Oh yes, it’s free-to-play. This was always going to happen, so let’s try not to whine about it. It’s free-to-play and it looks like there will be microtransactions. The teaser site mentions 20 collectible “companions” who provide Sonic with assistance: a radio-controlled balloon ensures he always makes jump pads successfully while a golden pig collects any rings dropped when enemies are touched. There are also collectible items that give special abilities. Doubtless, some of these will be monetised, like the power-ups in Candy Crush Saga.

Free-to-play isn’t intrinsically evil (shock, horror), but it does alter the design sensibilities of the project; it has to because the developer needs to ensure players are incentivised to make purchases. Are all these collectibles going to enhance the gameplay experience or are they going to get in its way, like all the many extra moves added to Sonic’s repertoire since the spin dash? Are they just there to pad out the paid-for customisation potential?

However you feel about it, this is probably the future for old Sonic. Sega has just gone through a painful restructuring, looking to shed 300 staff through voluntary and enforced redundancies, and refocusing on PC and smartphone titles. Consequently, the company has been investing heavily in small smartphone-focused studios, most recently buying Demiurge, the team behind hit iPhone game Marvel Puzzle Quest. Sega has also done well with mobile versions of classic titles such as Crazy Taxi and Super Monkey Ball, capitalising on both the ubiquity of smartphones and the nostalgia of older fans who probably wouldn’t buy a remastered version of an old Dreamcast game on PlayStation 4, but may be tempted on iPhone or Android. If it’s free.

That’s the market Sonic is in these days. He’s a quick hit of old-school fun. That’s what we have to come to terms with. I once posited that the future could be saved by handing over the character to the indie community and letting, say, the Super Meat Boy creators have a bash at him. Right now, a duo of fans is looking to complete its own update of Sonic 3 for smartphones, and there’s even a petition to Sega to help them complete it. But the coder has blogged about how all his Sega contacts have left, taking him back to square one.

Meanwhile, over in Nintendo land, Sonic’s once rival Mario is still at the top of his Hollywood “A” game, in terms of quality if not sales (the Wii U is still underperforming, despite hosting the brilliant Super Mario 3D World and Mario Kart 8).
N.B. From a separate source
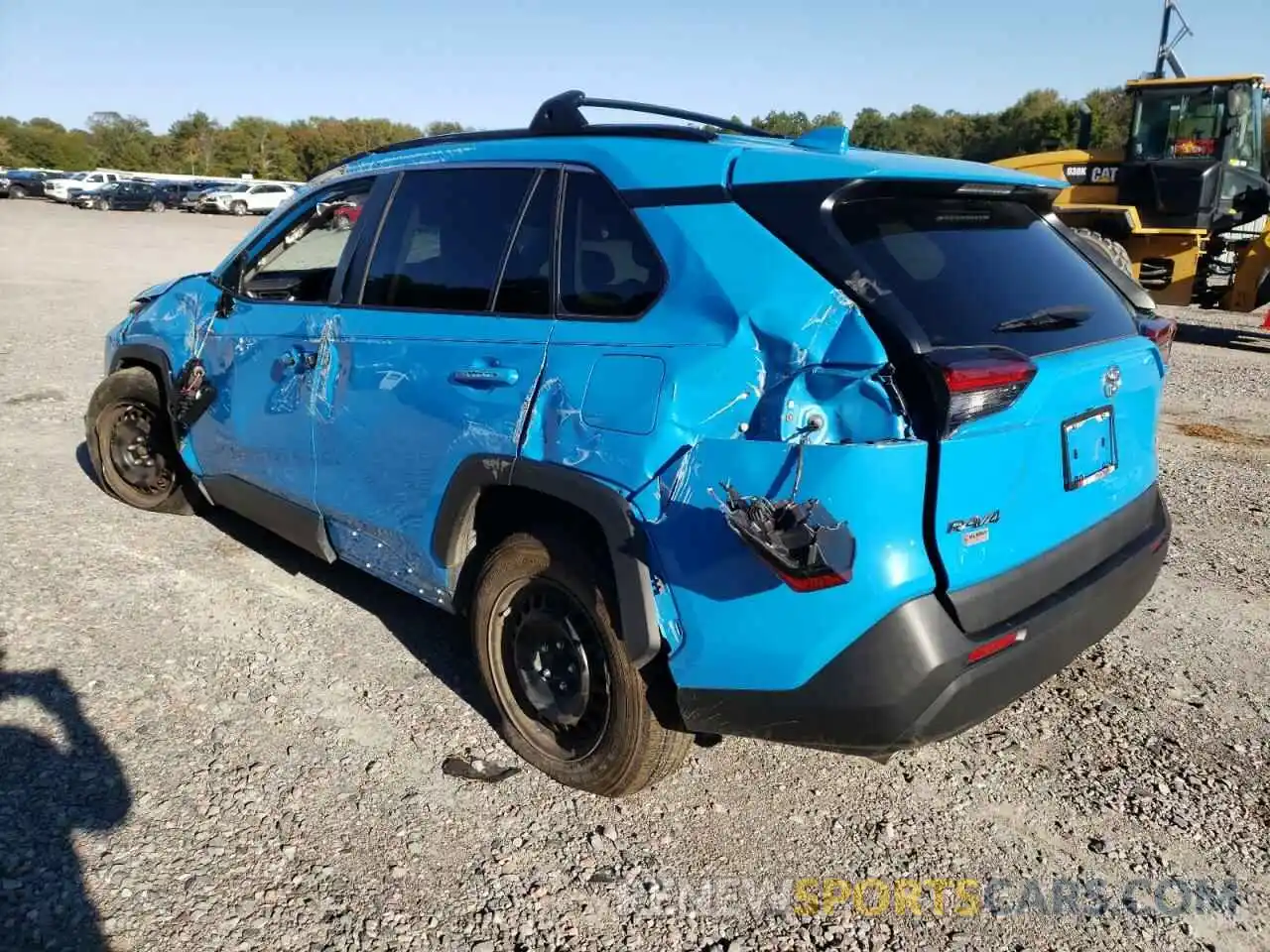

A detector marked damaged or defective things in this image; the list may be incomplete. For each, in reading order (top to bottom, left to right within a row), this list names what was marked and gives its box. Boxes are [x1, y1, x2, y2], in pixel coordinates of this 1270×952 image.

broken taillight [1137, 317, 1173, 368]
broken taillight [929, 350, 1036, 436]
damaged blue suv [86, 95, 1168, 796]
Unlike Sega, Nintendo has remained suspicious of the smartphone market, though it is now tentatively exploring free-to-play, most recently via Pokemon Shuffle. However, I can’t imagine Mario ever going through the motions on a phone screen, trying to seduce players into paying a little extra for a mushroom or a double jump, or a golden tanooki suit.

But Sonic’s trajectory is so different to Mario’s. He’s got to graft now, he’s got to muscle in amongst the app store hoi polloi. Sonic Boom ensured that most people aren’t going to pay for Sonic games anymore. He has to monetise our memories now, he’s broken too many promises. Sonic is the Peter Molyneux of game characters ... Too soon?

Sonic Runners is due out in spring 2015.